Il faut vraiment être le plus irréductible des suiveurs de tendance et faire aveuglément confiance à un automate de passation d’ordres à la milliseconde pour ne pas se préoccuper de la notion de valeur relative du portefeuille… de la soutenabilité des niveaux de cours… ou encore de la déconnexion de la hausse par rapport au rythme réel d’amélioration de l’environnement économique.

▪ Mais tout ce que nous avons décrit plus haut dépasse tellement l’entendement (le nôtre, en tous cas !) qu’il faut bien envisager que les day traders font la tendance en se jurant de la suivre quelles que soient les circonstances.
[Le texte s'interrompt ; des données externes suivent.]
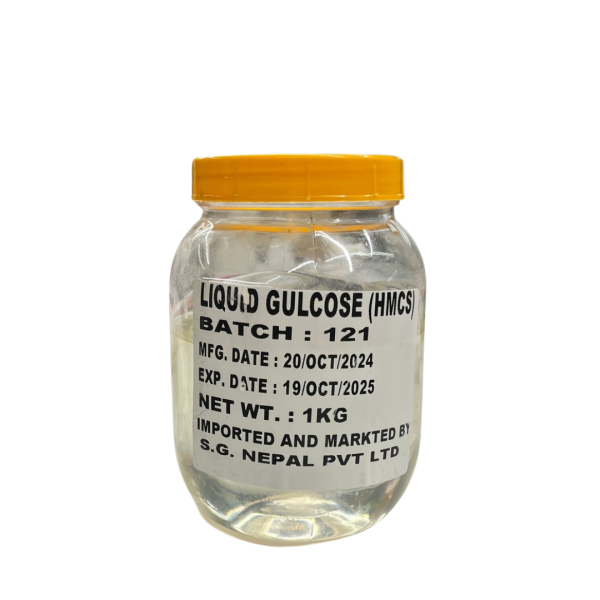 Liquid Glucose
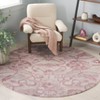 Anatolia AN401 Hand Tufted Indoor Rugs - Safavieh - 2 of 4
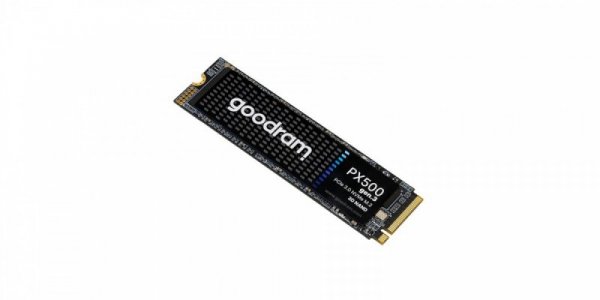 GOODRAM Dysk SSD PX500-G3 128GB M.2 PCIe 3x4 NVMe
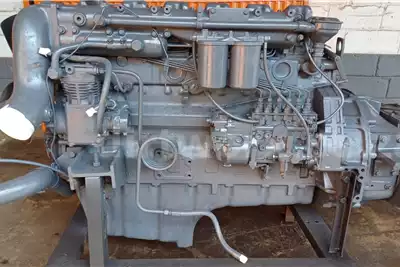 Machinery spares Engines ADE 407 Engine for sale by Dirtworx | AgriMag Marketplace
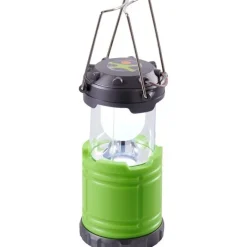 Haba Buitenspeelgoed^Terra Kids - Campinglamp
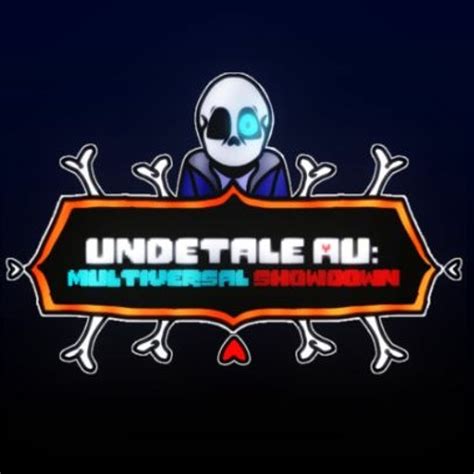 Stream UNDERTALE AU: Multiversal Showdown - Ruins Dust Sans Theme "Phase 2" by Softblox Studios ...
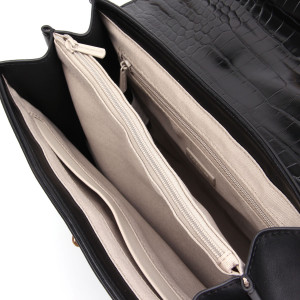 Сумка  DAVID JONES 7693-1 BLACK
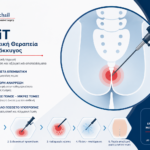 Ενδοσκοπική θεραπεία κύστης κόκκυγος EPSIT | Dr. Οθων Μιχαήλ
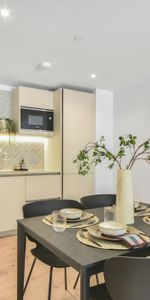 1 bedroom apartment to rent - Photo 3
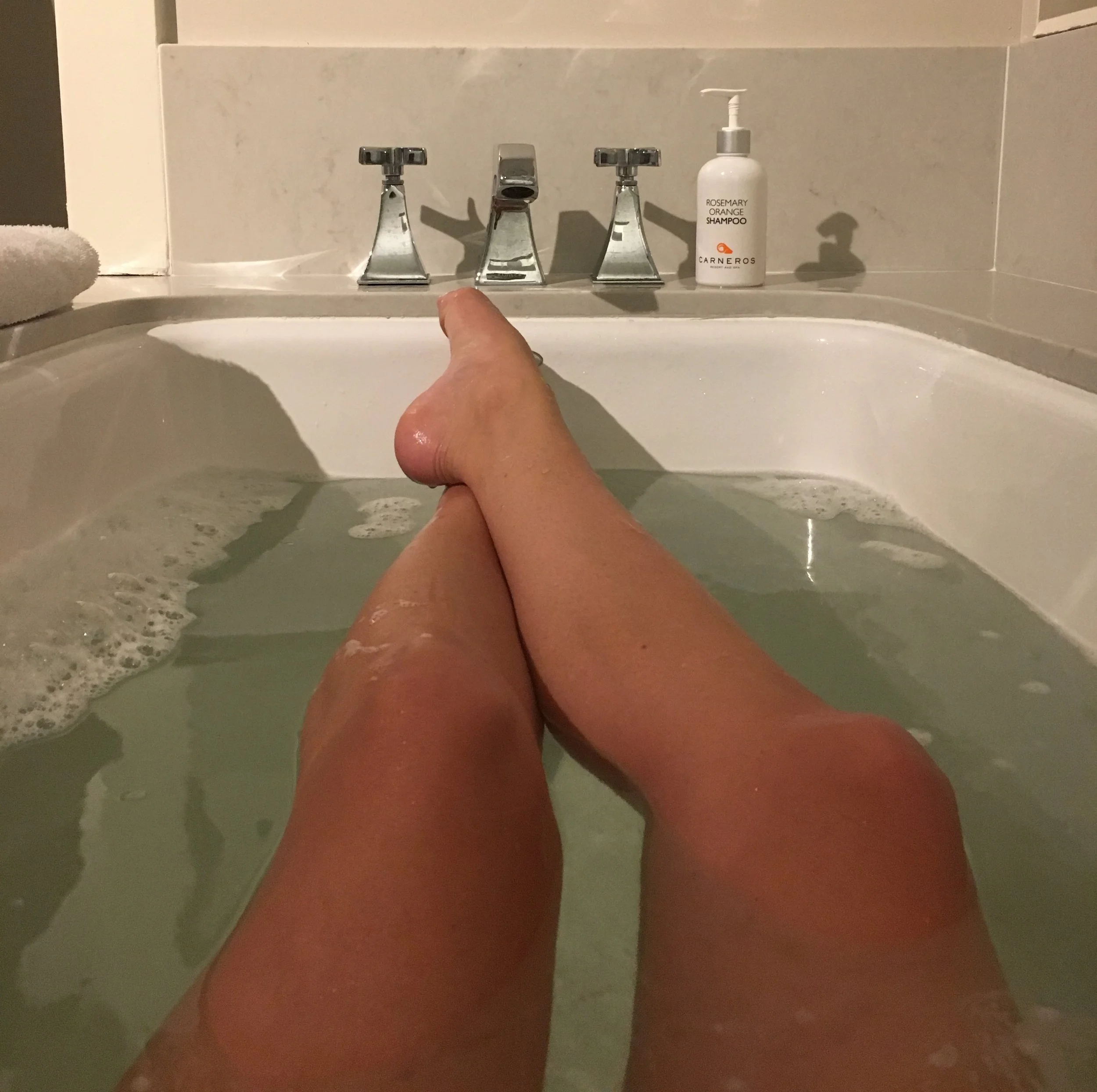 Bubble Bath Time🛁💕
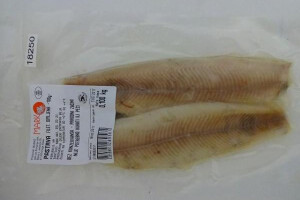 Opasna bakterija u fileima dimljene pastrve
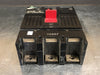 GENERAL ELECTRIC 350 Amp, 3 Pole, 600 volts Circuit Breaker THJK436F000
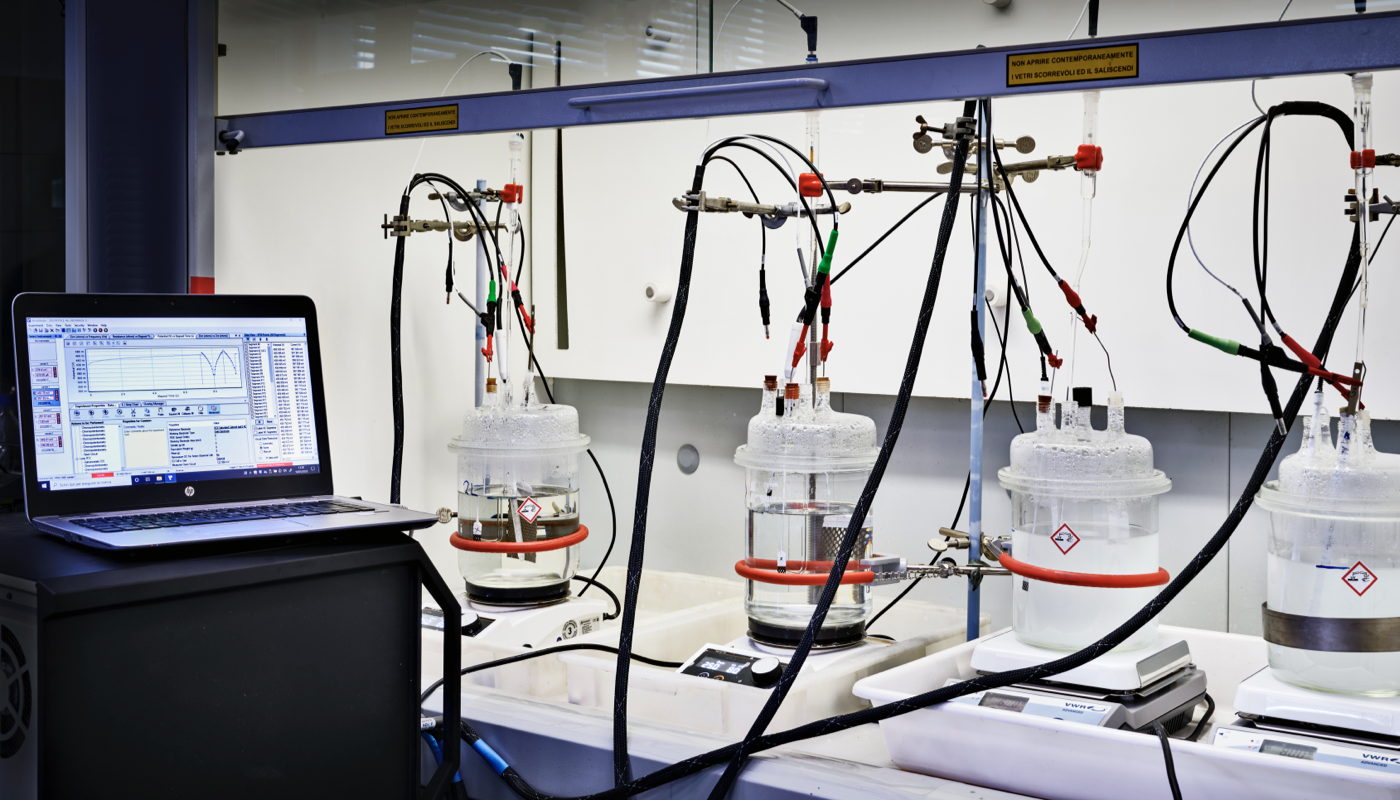 De Nora: un'impresa solida nel business della sostenibilità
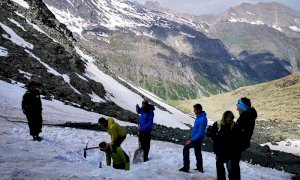 Riaperto da sabato 19 giugno il Buco di Viso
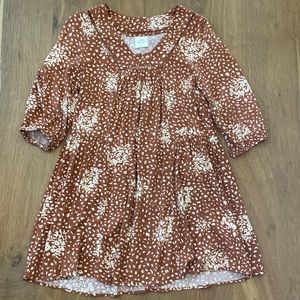 Knox rose Dress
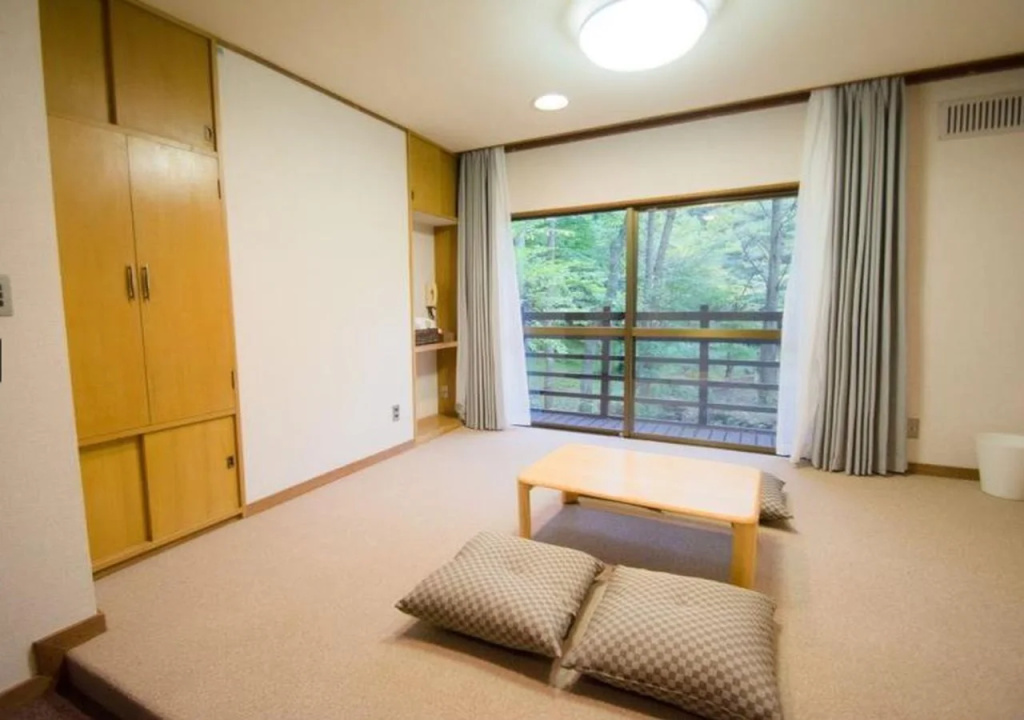 TKP Hotel & Resort Lectore Karuizawa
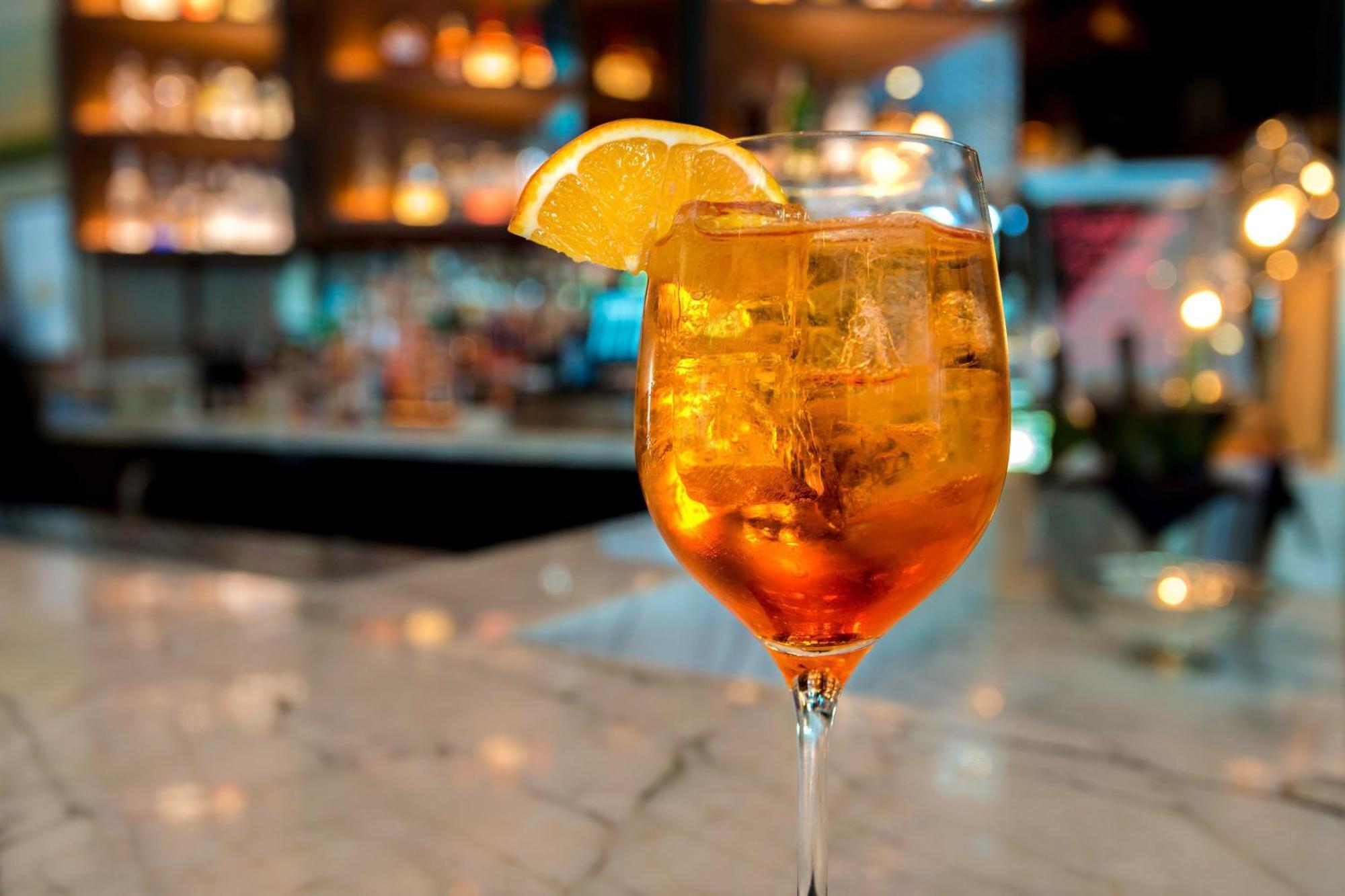 丹佛市中心艾美度假酒店 DEN 外观 照片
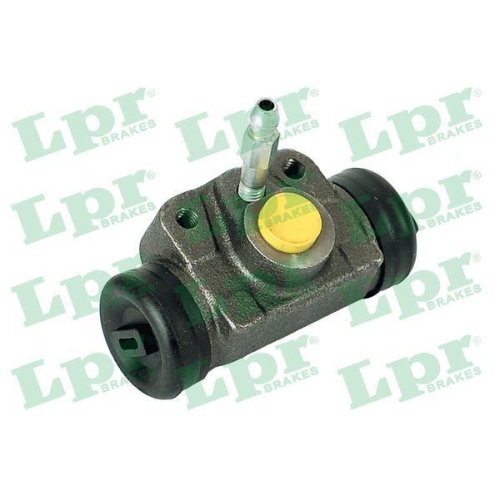 LPR Radbremszylinder 4264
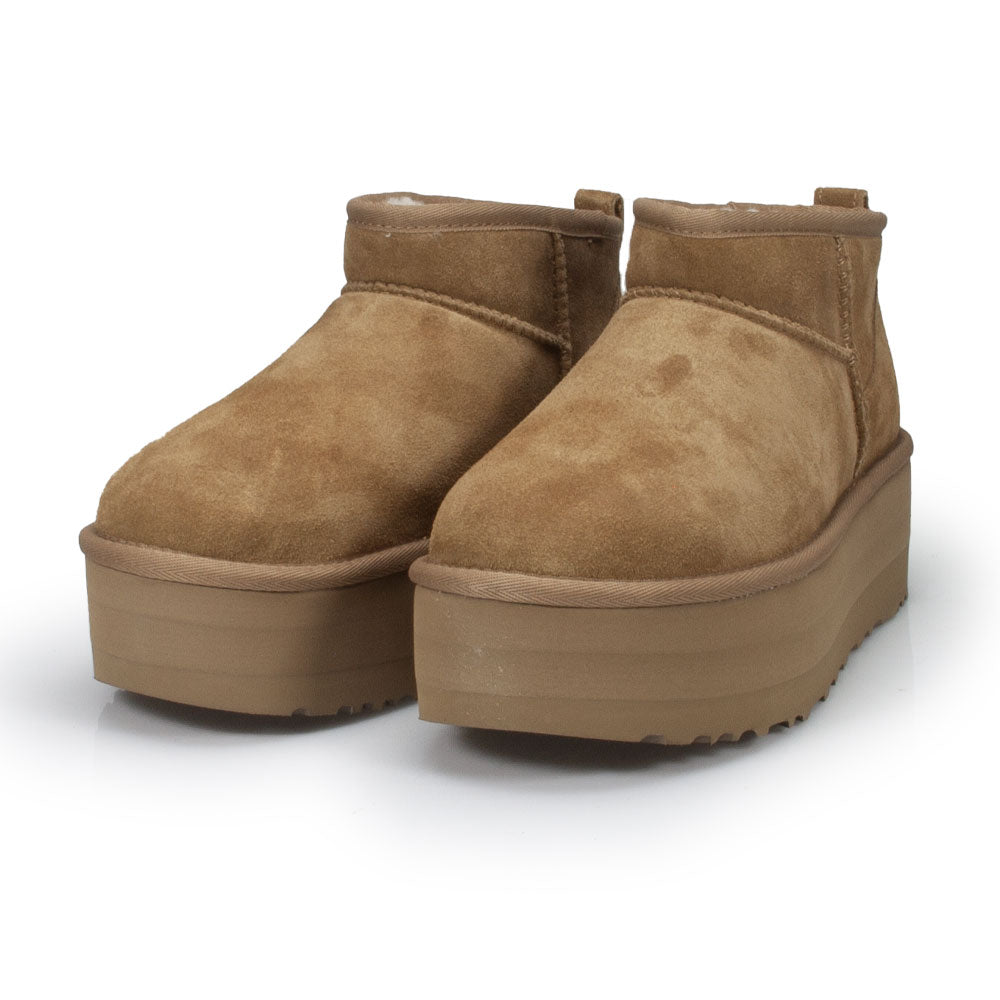 Ugg Classic Ultra Mini Platform Woman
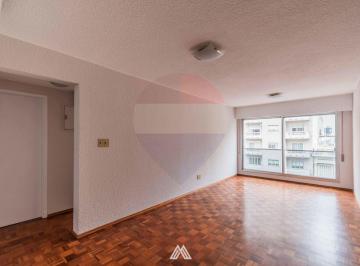 Departamento · 56m² · 3 Ambientes · 1 Cochera · Alquiler de 2 Dorm con Garaje en Tres Cruces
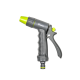 Bradas Πιστόλι Ποτίσματος Ρυθμιζόμενο Lime Line Soft Bradas Πιστόλι Ποτίσματος Ρυθμιζόμενο Lime Line Soft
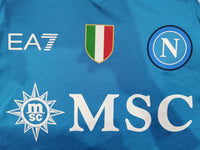 Napoli Home 23-24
Ils ont totalement omis d’intégrer dans les modèles mathématiques dont sont gavés leurs logiciels de trading les risques d’éclatement de la bulle obligataire, le dernier exemple remontant en effet à janvier 1994.

C’est un précédent fort lointain et « non probant » (irrelevant, diraient nos amis anglo-saxons), puisque les banques centrales resserraient le loyer de l’argent au lieu de promettre des liquidités éternellement gratuites. Elles n’avaient pas non plus dégradé leur bilan en y intégrant un millier de milliards de créances douteuses (comme la Fed depuis 2008).

Et nous voici replongés dans le même genre de processus technique absurde qu’en 2000 ou 2007 : puisque aucun krach des dot.com ou des subprime n’a jamais été observé, il ne saurait être modélisé et inclus comme un motif de limitation des effets de levier.

▪ Pour résumer l’état d’esprit du moment, nous vous livrons ce pur joyau de la pensée unique. Il illuminera votre compréhension du pourquoi et du comment de la hausse qui propulse le S&P vers 1 210 points et lamine le VIX de 15,50%.

Nous retranscrivons sans y retrancher une virgule l’interview accordée par le senior strategist du Credit Suisse Bob Parker aux journalistes de CNBC. Accrochez-vous, ça décoiffe !

« Je ne peux imaginer à l’heure actuelle aucune raison qui motiverait un pullback des marchés ».

« Si vous regardez ce qui va se passer au cours des prochains mois, attendez-vous à des chiffres économiques très forts » (tout le contraire de ce que pronostiquent Ben Bernanke et Dominique Strauss-Kahn… mais ils ne savent pas lire l’avenir comme Bob Parker, pardonnez-leur, NDLR).

« Les profits des entreprises vont continuer d’accélérer à un rythme annuel de 20% dans les pays développés au cours des deux prochaines années » (avec des consommateurs pressurés d’impôts et des salaires bloqués, cela tombe sous le sens, NDLR).

« Les motifs de modération de la hausse sont désormais bien intégrés dans les cours, aussi bien les difficultés de refinancement des Etats que le resserrement de la politique monétaire chinoise » (et Pékin n’est certainement pas confronté à un scénario de bulle du crédit à la japonaise, NDLR).

A tous ceux qui écarquillent les yeux devant des affirmations aussi péremptoires et d’une subjectivité totale, nous disons « prenez garde ».

Votre scepticisme face au dogme haussier risque de vous interdire à tout jamais d’accéder au statut de grand stratège de banque avec salaire à sept chiffres, bonus pharaoniques, voyages en jet privé et admiration sans borne de l’élite de Wall Street !

Pour avoir osé douter de « ceux qui savent et le font savoir », vous ferez pénitence et copierez 100 fois cette quintessence absolue de la pensée économique : « je ne peux imaginer à l’heure actuelle aucune raison qui motiverait un pullback des marchés ».